As this technology becomes more precise, it will also be important to better mimic the wide range of body shapes and sizes in the population. 3D technology has fallen short when it comes to plus sizing, where flesh and weight may not be distributed consistently across sizes or body types. For this growing segment of the market (and again at ThirdLove, where we celebrate inclusivity by offering a range of more than 80 sizes!), there is still much work to be done in order to make 3D imaging technology practical.
Artificial Intelligence: Further Complicating Global Supply Chains
I’ve been fortunate to work at companies that have incorporated artificial intelligence, machine learning and data science into the way we operate. At ThirdLove, our Fit Finder® sizing tool is powered by an algorithm that gets smarter and more precise as more customers take the survey and input data. The algorithm can uncover powerful insights, like the one that led us to create half-cup sizes for women who fall between traditional bra sizes!
While these innovations are great for customers, and beneficial for the company to offer, they’re very difficult to manage with a traditional supply chain.

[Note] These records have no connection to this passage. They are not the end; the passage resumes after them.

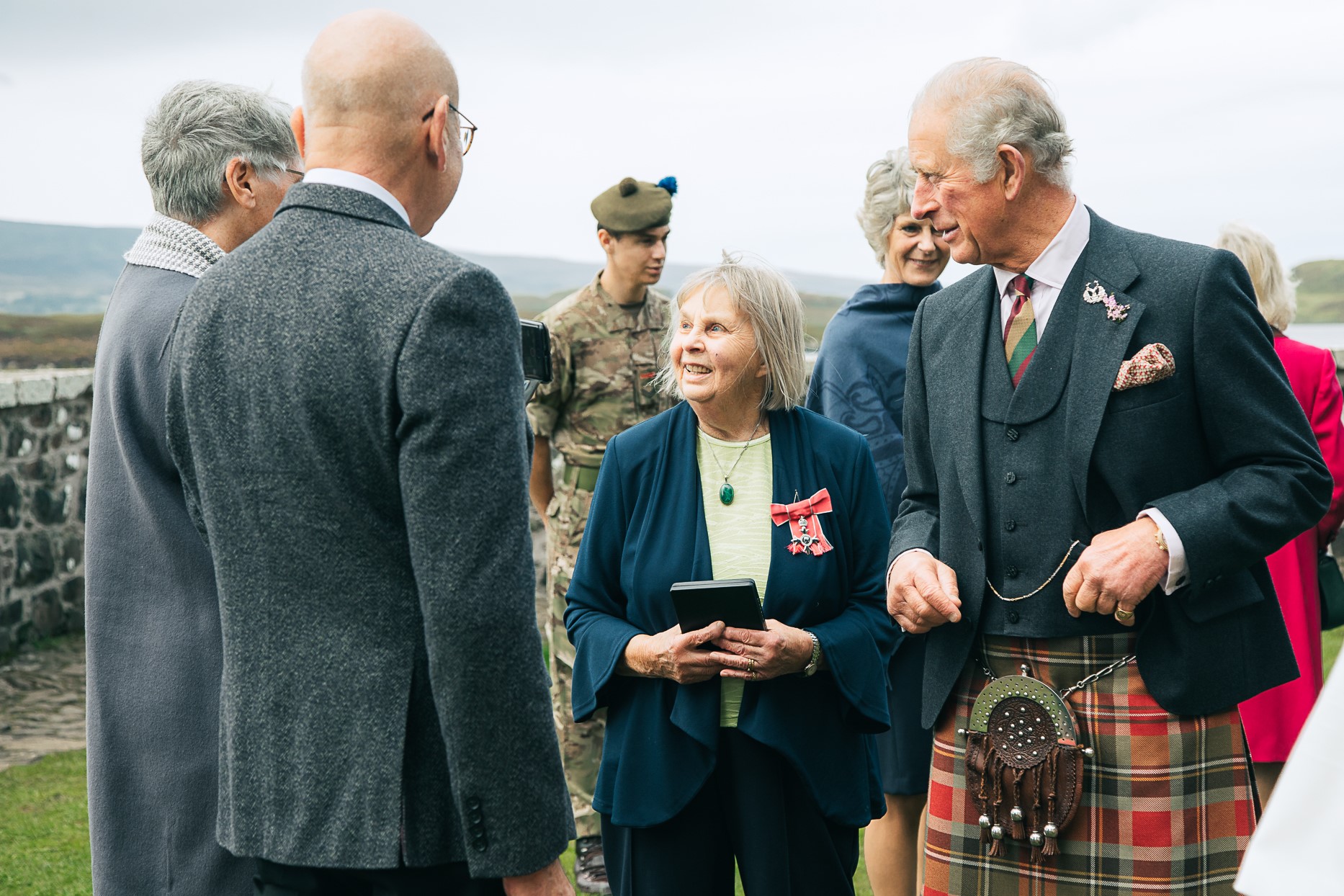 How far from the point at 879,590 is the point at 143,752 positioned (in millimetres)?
1623

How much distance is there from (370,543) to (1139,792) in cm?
149

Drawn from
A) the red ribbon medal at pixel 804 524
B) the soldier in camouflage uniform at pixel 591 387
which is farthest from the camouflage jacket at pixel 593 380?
the red ribbon medal at pixel 804 524

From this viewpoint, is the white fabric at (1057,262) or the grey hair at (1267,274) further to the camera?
the grey hair at (1267,274)

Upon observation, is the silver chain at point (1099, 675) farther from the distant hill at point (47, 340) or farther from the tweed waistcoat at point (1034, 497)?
the distant hill at point (47, 340)

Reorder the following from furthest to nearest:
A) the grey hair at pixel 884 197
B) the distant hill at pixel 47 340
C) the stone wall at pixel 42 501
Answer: the distant hill at pixel 47 340 → the stone wall at pixel 42 501 → the grey hair at pixel 884 197

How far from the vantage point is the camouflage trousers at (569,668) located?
14.3 feet

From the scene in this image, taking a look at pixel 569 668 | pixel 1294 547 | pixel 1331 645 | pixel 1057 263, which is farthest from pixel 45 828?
pixel 1331 645

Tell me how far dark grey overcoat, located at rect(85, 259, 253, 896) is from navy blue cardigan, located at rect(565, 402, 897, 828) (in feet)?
2.65

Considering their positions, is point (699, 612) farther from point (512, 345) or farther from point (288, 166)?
point (288, 166)

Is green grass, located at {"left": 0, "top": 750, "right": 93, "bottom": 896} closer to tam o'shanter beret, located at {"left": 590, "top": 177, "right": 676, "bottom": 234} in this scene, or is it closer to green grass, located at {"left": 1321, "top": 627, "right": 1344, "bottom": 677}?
tam o'shanter beret, located at {"left": 590, "top": 177, "right": 676, "bottom": 234}

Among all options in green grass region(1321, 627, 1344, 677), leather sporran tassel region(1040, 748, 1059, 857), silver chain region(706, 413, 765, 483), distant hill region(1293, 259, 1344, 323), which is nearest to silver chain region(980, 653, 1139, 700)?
leather sporran tassel region(1040, 748, 1059, 857)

Apparel factories have historically been built on the idea of mass production and high volume (I remember one factory sharing with me that it breaks even when producing a single style on the eighth day of production!), so introducing more and more size variants is a challenge many factories are unwilling to embrace.
This level of product personalization - whether it is size, color or style - is here to stay. AI tools are shaping assortments, driving new business models and creating expectations that consumers can buy unique, customized products. It’s a technology that has changed the way merchants and buyers assort their lines, and supply chains are just starting to catch up.
Apparel Manufacturing: Time to Adapt and Innovate
Apparel manufacturing is an industry that was buoyed by the introduction of the Multi-Fiber Arrangement in 1974, and only recently has had to adapt to modern times with its expiration in 2005. During that period of growth, manufacturers were not forced to keep pace with advances in technology and automation. Given how rapidly technology changes today, and how quickly new technologies are introduced, apparel manufacturing will not only need to embrace these changes, but also anticipate new innovations to stay competitive.